Stack Configuration

The Reusable Stack pattern lets you create multiple instances of the same infrastructure from one codebase - but instances inevitably differ. A development cluster runs two worker nodes; production runs twenty. Simply copying or branching the code for each environment is the Snowflakes as Code antipattern: it creates a sprawling, unmaintainable mess. Proper stack configuration keeps instances consistent while accommodating necessary variation.

Stack Parameter Principles

Before choosing a configuration pattern, understand what stack parameters are actually for:

Unique identifiers - even when instances barely differ in behaviour, they need distinct resource names. Hardcoding id: appserver fails the moment you try to deploy a second instance. Pass an environment parameter and use it everywhere: id: appserver-${environment}, subnet_id: appserver-subnet-${environment}.
Behavioural variation - values like min_workers and max_workers let the same code produce a small-footprint dev cluster and a scaled-out production cluster without any conditional logic.

YAGNI - Keep Parameters Simple

Over-parameterization is as dangerous as no parameterization. Follow three rules:

Add parameters only when there is an immediate need - not because you might need them
Prefer primitive types - strings, numbers, lists, and key-value maps; avoid complex objects unless unavoidable
Never use a parameter to toggle major structural differences - a boolean that conditionally provisions an entire service means your stack is doing too much. Refactor into separate stack projects instead.

Stack Parameter Patterns

There are eight patterns for passing configuration values to stack instances. Each involves a trade-off between simplicity, safety, and flexibility.

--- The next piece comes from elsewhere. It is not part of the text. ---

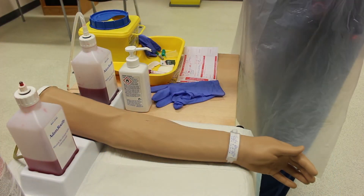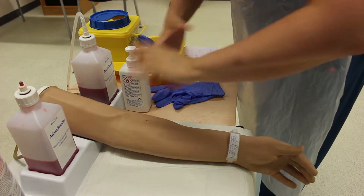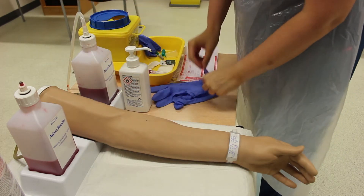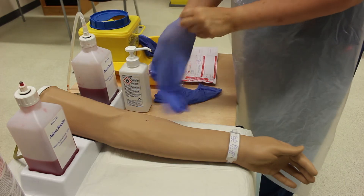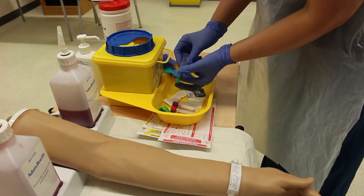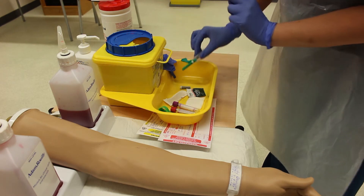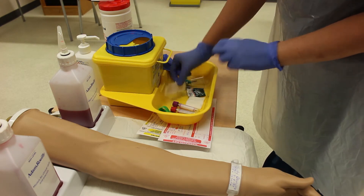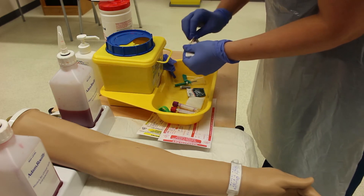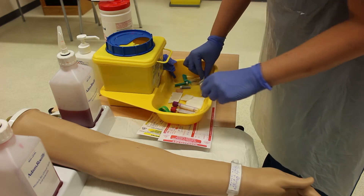Follow your local policy for infection control. With my gloves on, I'm preparing my needle and vacuette holder. I'm protecting the key parts — leaving the cap on the needle so it remains sterile. Using ANTT — aseptic non-touch technique — I'm opening the other pieces of equipment, taking care not to touch the key parts.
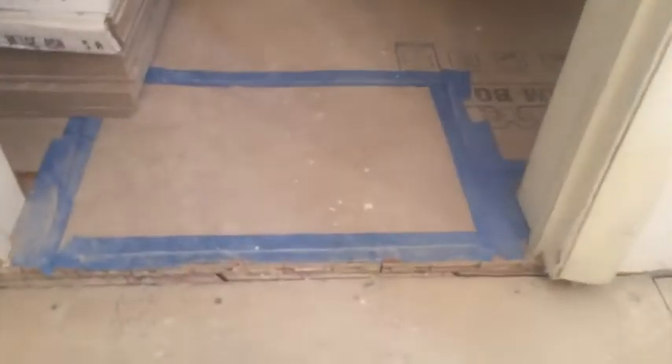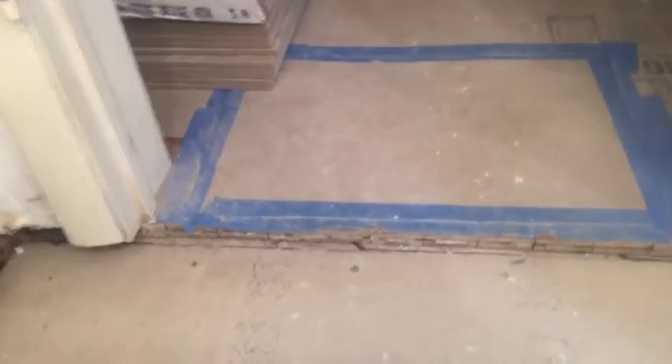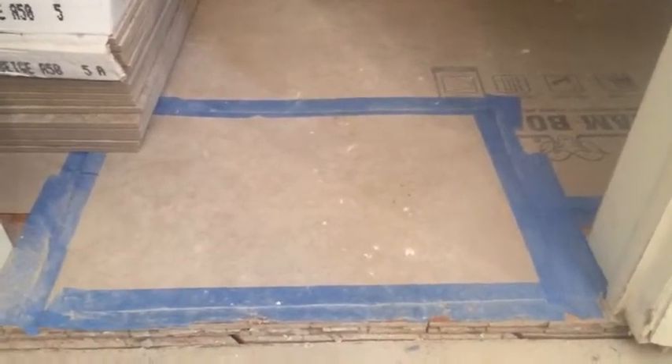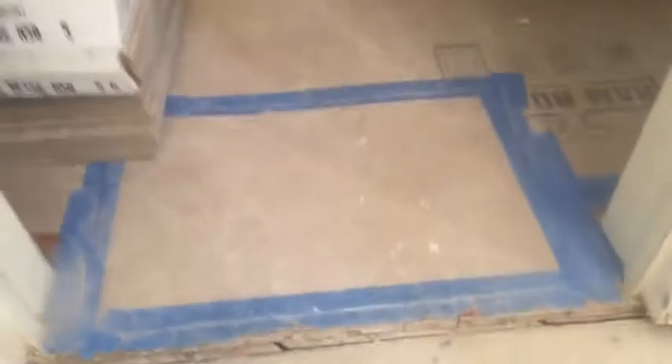You can see when you have a transition from the floor to the bathroom, you always want to put down a good heavy dust barrier protection. It kind of tends to get worn out at the transition area, so you want to double up your RAM board and make it extra thick.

1 · Configuration in Code (antipattern)

Instance-specific values are embedded directly in the stack code using conditionals keyed on the environment name.

# Don't do this
cluster_size = var.environment == "prod" ? "large" : "small"

Why it fails: The stack code now knows where it will be deployed - a violation of the principle of least knowledge. Every configuration change requires modifying and retesting shared code, slowing delivery. Environment names are also not testable units.

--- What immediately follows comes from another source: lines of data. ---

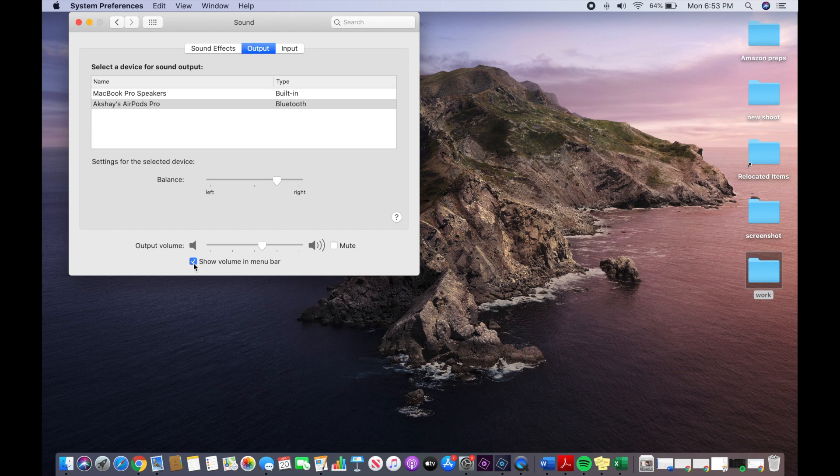Once you go to Output, at the bottom you will see 'Show volume in menu bar.' You enable it by clicking it, and then it will appear on your menu bar in the top right corner.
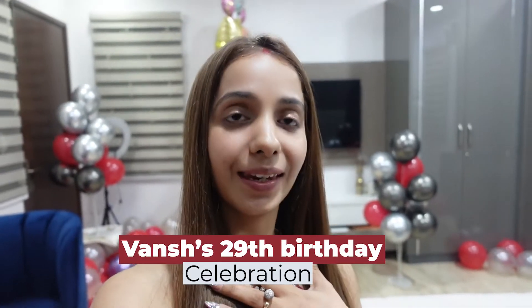Hi guys and welcome back to my vlog! This is my first vlog after getting married, so it's super special. To make it more special, this is about my husband's first birthday with me. I was so excited — I was going to do this and that for him, and now the time has come and you can see I've done a little bit.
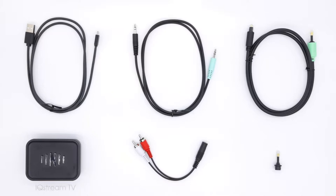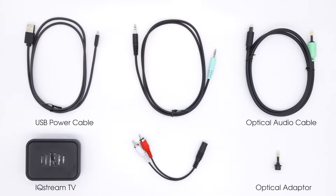The IQ Stream TV, a USB power cable, an optical audio cable with adapter, the 3.5mm auxiliary cable, and the RCA adapter cable. If you are missing any of these items, please contact us at team@nuheara.com.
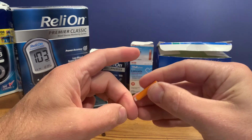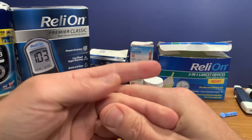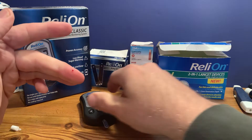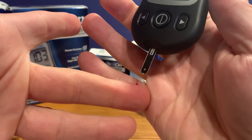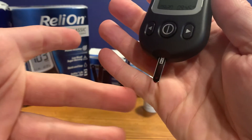Remember that you've washed with warm soapy water and dried. And there we go — just a little blood right there. Most test strips draw the blood up inside of them; you don't actually put the blood directly on the strip.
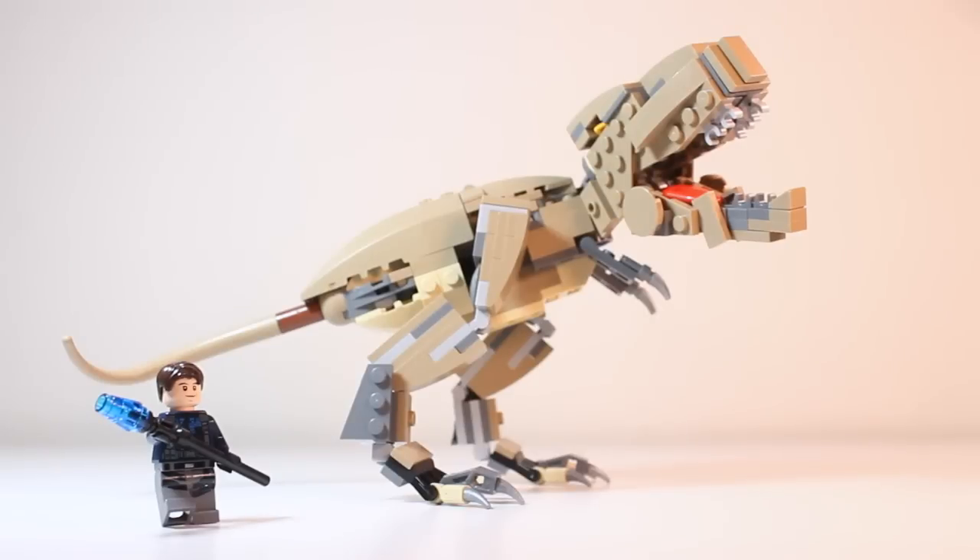Well, thank you so much for watching this video, and big thanks to Legological for making this series possible. In the comments below, let me know your suggestions for future dinosaur builds, because more are on the way. I'll see you guys in the next video — stay cool.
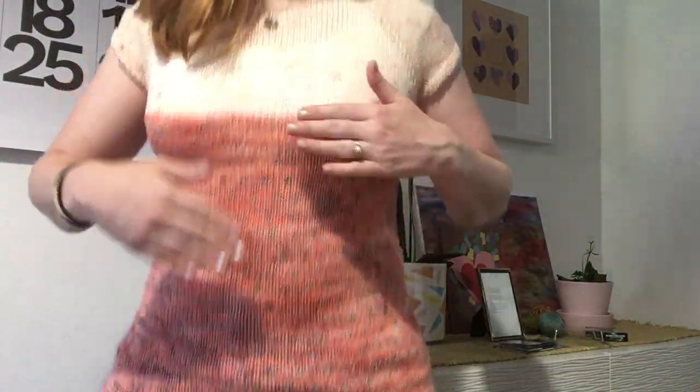It's a short sleeve sweater knit all in fingering yarn. The top part is one skein held single, and I think I used size eights for the top, then you switch to size sevens and hold your yarn two together to get the gauge all the same. The sleeves kind of poof a little bit - you do a decrease on the sleeves. It's very lightweight because it's fingering weight yarn knit on a little bigger needle, sevens and eights, than you usually would.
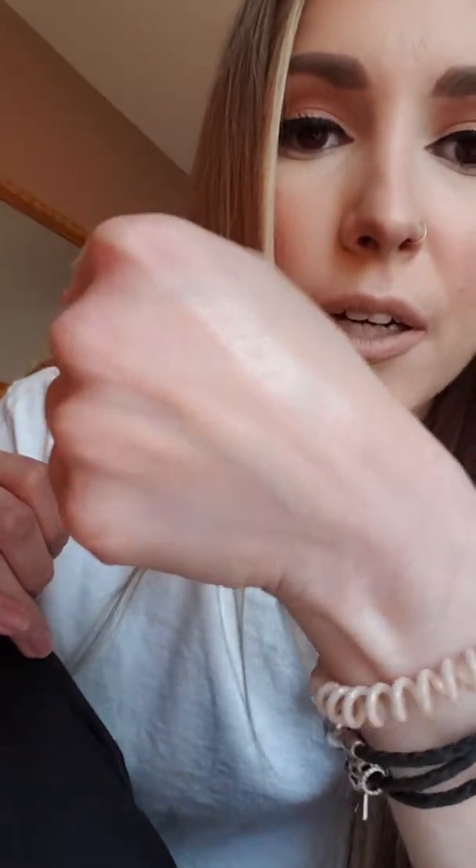I also picked up the Wet n' Wild highlight called I'm So Lit. We have this in Canada, so I'm not sure why I bought it in Fargo — for some reason I just felt like I had to get it there. It actually looks really dark in the pan, but once you put it on it's very bright and light. It's very brightening and I really like it.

Better alternative: Base variation on specific outcomes, not environment names:

# Testable without tying to a specific environment name
cluster_size = var.cluster_size   # caller passes "S", "M", or "L"

2 · Manual Stack Parameters

Values are typed directly on the command line at run time:

terraform apply -var 'min_workers=2' -var 'environment=prod'

Best for: Learning and experimenting.
Avoid in production: Highly prone to human error. A mistyped value or forgotten parameter can silently break critical infrastructure.

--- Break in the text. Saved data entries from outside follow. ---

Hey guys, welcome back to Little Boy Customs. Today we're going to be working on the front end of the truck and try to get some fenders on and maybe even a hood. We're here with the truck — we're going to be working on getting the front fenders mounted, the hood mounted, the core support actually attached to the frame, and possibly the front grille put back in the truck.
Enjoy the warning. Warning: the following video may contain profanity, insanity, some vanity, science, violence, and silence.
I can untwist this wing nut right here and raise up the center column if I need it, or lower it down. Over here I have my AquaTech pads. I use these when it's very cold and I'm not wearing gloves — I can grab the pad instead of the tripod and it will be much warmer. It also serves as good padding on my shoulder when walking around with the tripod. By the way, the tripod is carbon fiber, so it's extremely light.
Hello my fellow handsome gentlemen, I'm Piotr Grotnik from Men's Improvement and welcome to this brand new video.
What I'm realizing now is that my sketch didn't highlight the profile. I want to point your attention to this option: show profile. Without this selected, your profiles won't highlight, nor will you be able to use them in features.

3 · Stack Environment Variables

The infrastructure tool reads values from the host environment at execution time.

# Terraform convention
export TF_VAR_min_workers=2
terraform apply

Best for: Developer workstations, where an engineer presets their personal environment once and runs stack commands repeatedly.
Avoid: Coupling stack code to the execution environment. Secrets placed in environment variables are visible to all processes on the same machine.

4 · Scripted Parameters

Parameter values for each instance are hardcoded into provisioning scripts. Implemented as a single script with conditional logic, or as per-environment scripts (dev.sh, prod.sh).

terraform apply \
  -var 'environment=dev' \
  -var 'min_workers=1' \
  -var 'max_workers=2'

Pros: Version-controlled, prevents manual typing errors, easy to diff.
Cons: Scripts grow complex over time. Per-environment scripts tempt engineers to add custom logic, eroding consistency.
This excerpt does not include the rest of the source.